(Source data)

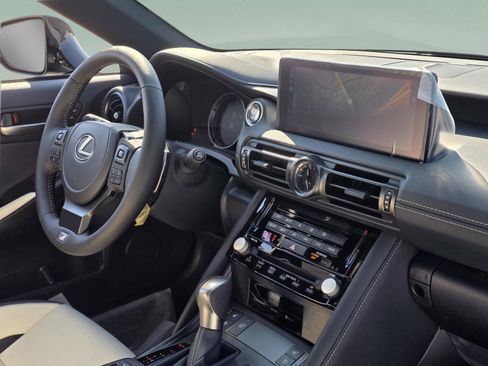 New 2025 Lexus IS 350 F Sport image 22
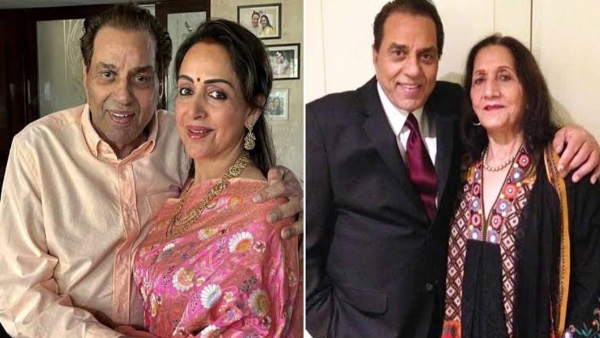 dharmendra, hema malini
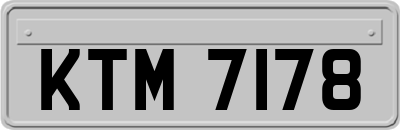 KTM7178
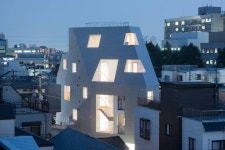 다양한 표정을 가져 더욱 즐거운 쉐어하우스 | 호미파이 & homify | Urban design architecture, Architect, Building images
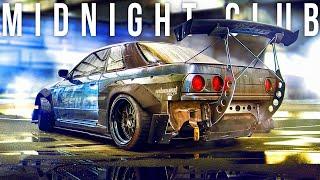 Расцвет и упадок серии Midnight Club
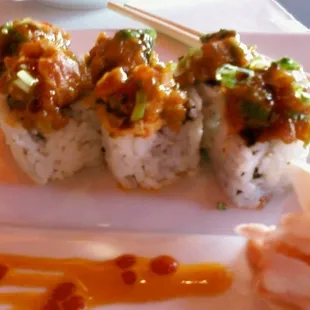 Spicy Tuna Roll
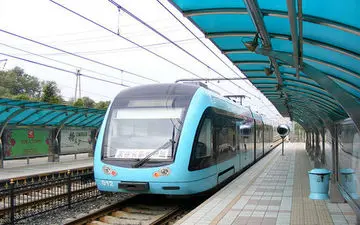 تغییر ساعت کار قطار شهری مشهدمقدس در روز برگزاری کنکور
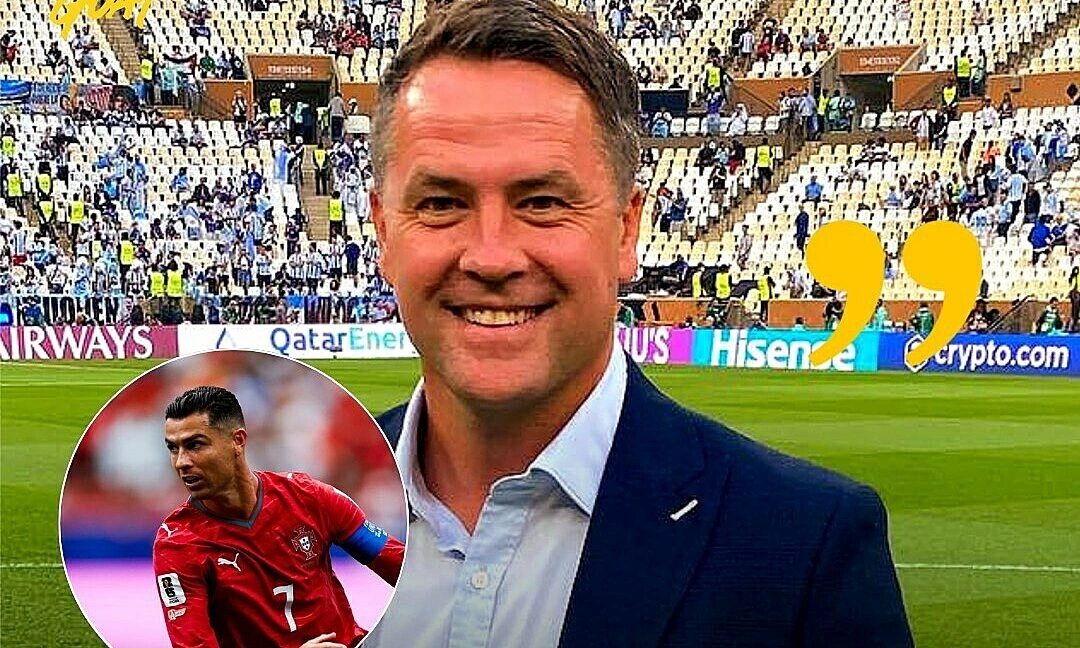 Owen: ‘Không bất ngờ nếu Ronaldo ghi hat-trick vào lưới Uzbekistan’ - hình ảnh - jun88play.vip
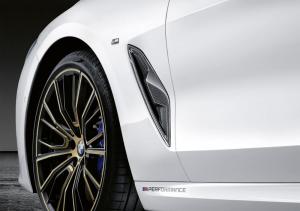 BMW 8-Series Gran Coupe M Performance Parts 2019 года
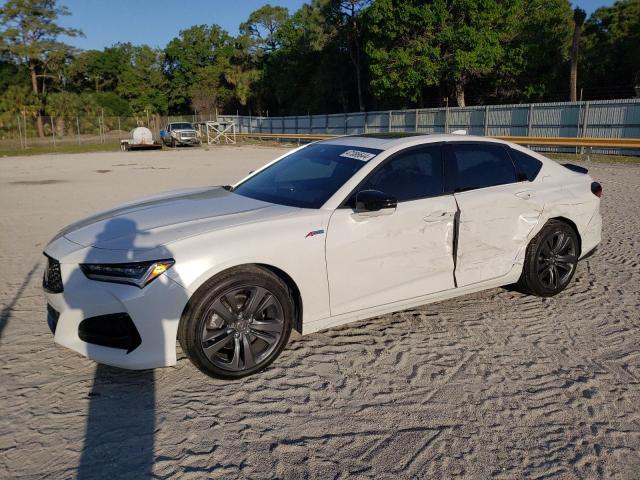 2021 ACURA TLX TECH A, 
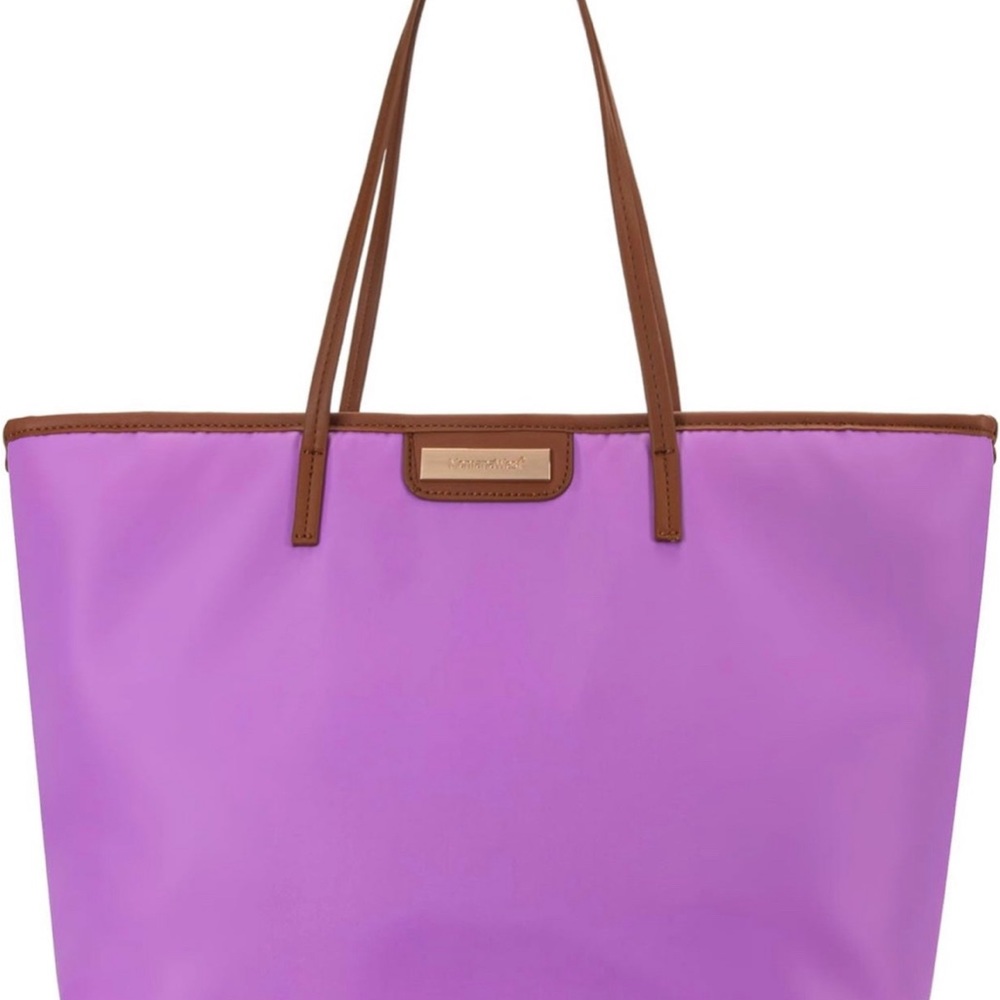 Structured Tote Bag - Picture 2 of 5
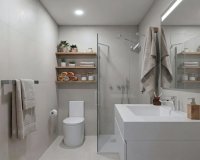 Новостройки - Вилла - Murcia - Camposol Golf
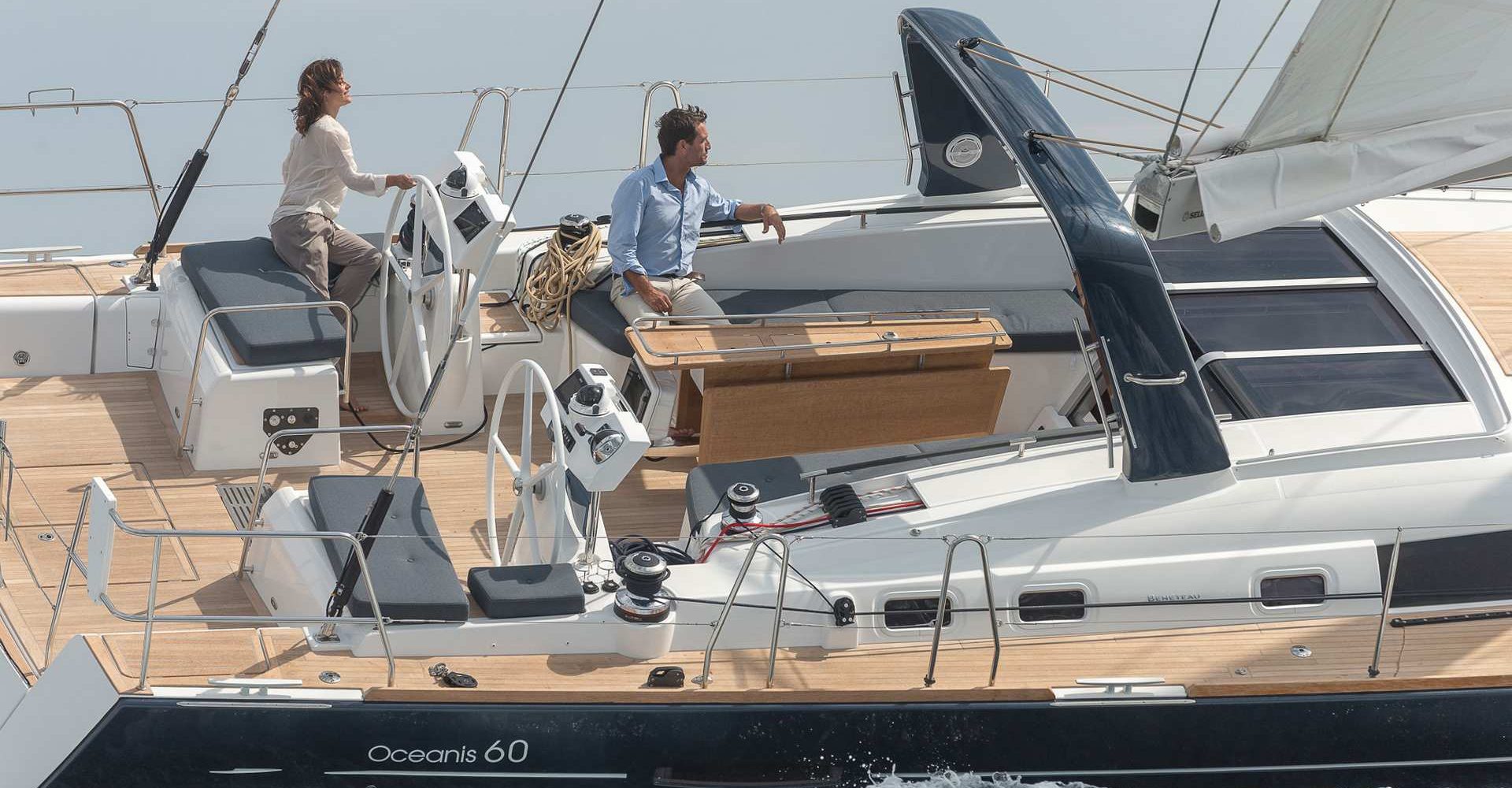 17/09/2014, Cannes (FRA,13), Chantier Beneteau, Oceanis 60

= What this task involves =
No pictures belong in the output. Restate word for word only the lines from the one containing "Structured Tote Bag - Picture 2 of 5" to the end of the entries above.

= Answer to this task =
 Structured Tote Bag - Picture 2 of 5
 Новостройки - Вилла - Murcia - Camposol Golf
 17/09/2014, Cannes (FRA,13), Chantier Beneteau, Oceanis 60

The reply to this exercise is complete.